* _What the task requires_:
Once the line containing "this 1345×896 image." is found in the data below, output that line and every line after it through the last, unchanged and with nothing else.

* _Input data_:
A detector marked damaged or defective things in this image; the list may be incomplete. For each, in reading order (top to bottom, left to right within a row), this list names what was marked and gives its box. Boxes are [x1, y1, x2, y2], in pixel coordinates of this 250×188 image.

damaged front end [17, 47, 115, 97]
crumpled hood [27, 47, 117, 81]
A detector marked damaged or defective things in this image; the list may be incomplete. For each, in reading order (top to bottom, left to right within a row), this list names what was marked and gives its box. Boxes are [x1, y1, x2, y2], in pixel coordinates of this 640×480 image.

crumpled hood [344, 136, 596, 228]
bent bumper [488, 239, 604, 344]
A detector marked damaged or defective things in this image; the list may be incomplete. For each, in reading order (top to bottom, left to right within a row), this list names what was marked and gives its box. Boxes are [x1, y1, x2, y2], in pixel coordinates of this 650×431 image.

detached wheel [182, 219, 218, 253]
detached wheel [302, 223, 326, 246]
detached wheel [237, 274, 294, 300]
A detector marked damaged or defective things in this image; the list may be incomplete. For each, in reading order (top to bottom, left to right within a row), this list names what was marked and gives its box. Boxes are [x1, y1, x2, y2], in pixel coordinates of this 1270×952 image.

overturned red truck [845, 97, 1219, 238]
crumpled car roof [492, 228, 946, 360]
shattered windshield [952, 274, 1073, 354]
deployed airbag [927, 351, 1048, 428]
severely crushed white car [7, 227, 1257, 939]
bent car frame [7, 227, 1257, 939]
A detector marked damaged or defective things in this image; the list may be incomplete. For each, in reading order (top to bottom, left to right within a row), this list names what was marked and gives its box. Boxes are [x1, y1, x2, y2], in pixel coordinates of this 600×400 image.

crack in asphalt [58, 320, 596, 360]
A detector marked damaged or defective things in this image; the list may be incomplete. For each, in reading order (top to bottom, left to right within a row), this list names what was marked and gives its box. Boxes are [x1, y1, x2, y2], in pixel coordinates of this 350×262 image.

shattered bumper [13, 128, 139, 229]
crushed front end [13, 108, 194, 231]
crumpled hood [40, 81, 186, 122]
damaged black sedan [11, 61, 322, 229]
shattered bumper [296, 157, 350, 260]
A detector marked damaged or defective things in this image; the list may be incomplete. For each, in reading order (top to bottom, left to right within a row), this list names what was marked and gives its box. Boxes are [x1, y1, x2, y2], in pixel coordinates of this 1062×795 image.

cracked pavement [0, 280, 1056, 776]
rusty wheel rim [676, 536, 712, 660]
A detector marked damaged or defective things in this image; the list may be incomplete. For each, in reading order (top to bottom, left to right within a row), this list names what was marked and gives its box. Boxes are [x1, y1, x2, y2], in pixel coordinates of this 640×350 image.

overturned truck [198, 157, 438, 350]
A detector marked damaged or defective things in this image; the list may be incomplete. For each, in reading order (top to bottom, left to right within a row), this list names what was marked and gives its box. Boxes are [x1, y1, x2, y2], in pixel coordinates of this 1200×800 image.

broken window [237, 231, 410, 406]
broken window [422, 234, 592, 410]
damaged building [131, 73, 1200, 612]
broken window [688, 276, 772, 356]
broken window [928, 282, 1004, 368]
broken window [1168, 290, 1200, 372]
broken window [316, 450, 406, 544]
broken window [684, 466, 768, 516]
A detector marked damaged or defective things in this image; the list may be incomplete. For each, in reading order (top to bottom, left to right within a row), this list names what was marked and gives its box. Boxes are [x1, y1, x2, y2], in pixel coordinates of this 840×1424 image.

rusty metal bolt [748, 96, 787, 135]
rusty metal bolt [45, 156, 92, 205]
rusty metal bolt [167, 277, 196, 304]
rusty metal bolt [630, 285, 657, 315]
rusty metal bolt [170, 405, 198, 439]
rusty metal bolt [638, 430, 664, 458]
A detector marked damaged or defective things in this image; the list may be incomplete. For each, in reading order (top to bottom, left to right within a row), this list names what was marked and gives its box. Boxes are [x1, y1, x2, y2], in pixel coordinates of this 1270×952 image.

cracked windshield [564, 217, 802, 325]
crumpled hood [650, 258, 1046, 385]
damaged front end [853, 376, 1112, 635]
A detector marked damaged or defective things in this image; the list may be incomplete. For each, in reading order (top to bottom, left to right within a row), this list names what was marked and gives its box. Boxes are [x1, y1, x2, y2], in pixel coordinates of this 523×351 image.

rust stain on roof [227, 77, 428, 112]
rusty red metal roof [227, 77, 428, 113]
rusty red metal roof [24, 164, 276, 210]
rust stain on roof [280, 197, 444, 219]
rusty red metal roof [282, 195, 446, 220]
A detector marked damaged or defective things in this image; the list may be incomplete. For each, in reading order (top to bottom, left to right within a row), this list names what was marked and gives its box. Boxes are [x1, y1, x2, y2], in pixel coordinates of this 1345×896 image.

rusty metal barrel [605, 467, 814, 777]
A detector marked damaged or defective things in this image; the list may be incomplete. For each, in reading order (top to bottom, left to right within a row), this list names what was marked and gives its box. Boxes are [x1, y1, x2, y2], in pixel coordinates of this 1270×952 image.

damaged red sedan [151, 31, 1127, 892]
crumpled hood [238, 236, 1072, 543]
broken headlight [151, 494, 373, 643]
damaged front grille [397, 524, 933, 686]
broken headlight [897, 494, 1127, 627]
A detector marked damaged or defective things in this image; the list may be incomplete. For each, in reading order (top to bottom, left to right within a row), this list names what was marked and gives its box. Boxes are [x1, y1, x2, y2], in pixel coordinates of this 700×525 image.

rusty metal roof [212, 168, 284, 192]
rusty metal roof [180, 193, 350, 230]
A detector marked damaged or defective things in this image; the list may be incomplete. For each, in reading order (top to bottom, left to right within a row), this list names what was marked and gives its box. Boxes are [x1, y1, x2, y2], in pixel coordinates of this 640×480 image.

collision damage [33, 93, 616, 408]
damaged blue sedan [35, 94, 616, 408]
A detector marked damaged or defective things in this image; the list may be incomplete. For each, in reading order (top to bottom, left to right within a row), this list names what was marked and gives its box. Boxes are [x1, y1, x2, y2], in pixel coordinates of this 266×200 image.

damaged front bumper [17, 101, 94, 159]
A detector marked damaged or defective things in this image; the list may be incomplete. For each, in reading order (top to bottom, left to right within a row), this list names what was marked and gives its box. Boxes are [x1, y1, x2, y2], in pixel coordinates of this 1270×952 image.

* _Result of the task_:
A detector marked damaged or defective things in this image; the list may be incomplete. For each, in reading order (top to bottom, left to right within a row), this list names what was marked and gives its box. Boxes are [x1, y1, x2, y2], in pixel coordinates of this 1345×896 image.

rusty metal barrel [605, 467, 814, 777]
A detector marked damaged or defective things in this image; the list may be incomplete. For each, in reading order (top to bottom, left to right within a row), this list names what was marked and gives its box. Boxes are [x1, y1, x2, y2], in pixel coordinates of this 1270×952 image.

damaged red sedan [151, 31, 1127, 892]
crumpled hood [238, 236, 1072, 543]
broken headlight [151, 494, 373, 643]
damaged front grille [397, 524, 933, 686]
broken headlight [897, 494, 1127, 627]
A detector marked damaged or defective things in this image; the list may be incomplete. For each, in reading order (top to bottom, left to right within a row), this list names what was marked and gives its box. Boxes are [x1, y1, x2, y2], in pixel coordinates of this 700×525 image.

rusty metal roof [212, 168, 284, 192]
rusty metal roof [180, 193, 350, 230]
A detector marked damaged or defective things in this image; the list may be incomplete. For each, in reading order (top to bottom, left to right within a row), this list names what was marked and gives its box. Boxes are [x1, y1, x2, y2], in pixel coordinates of this 640×480 image.

collision damage [33, 93, 616, 408]
damaged blue sedan [35, 94, 616, 408]
A detector marked damaged or defective things in this image; the list may be incomplete. For each, in reading order (top to bottom, left to right within a row), this list names what was marked and gives its box. Boxes are [x1, y1, x2, y2], in pixel coordinates of this 266×200 image.

damaged front bumper [17, 101, 94, 159]
A detector marked damaged or defective things in this image; the list may be incomplete. For each, in reading order (top to bottom, left to right within a row), this list names what was marked and gives its box. Boxes are [x1, y1, x2, y2], in pixel coordinates of this 1270×952 image.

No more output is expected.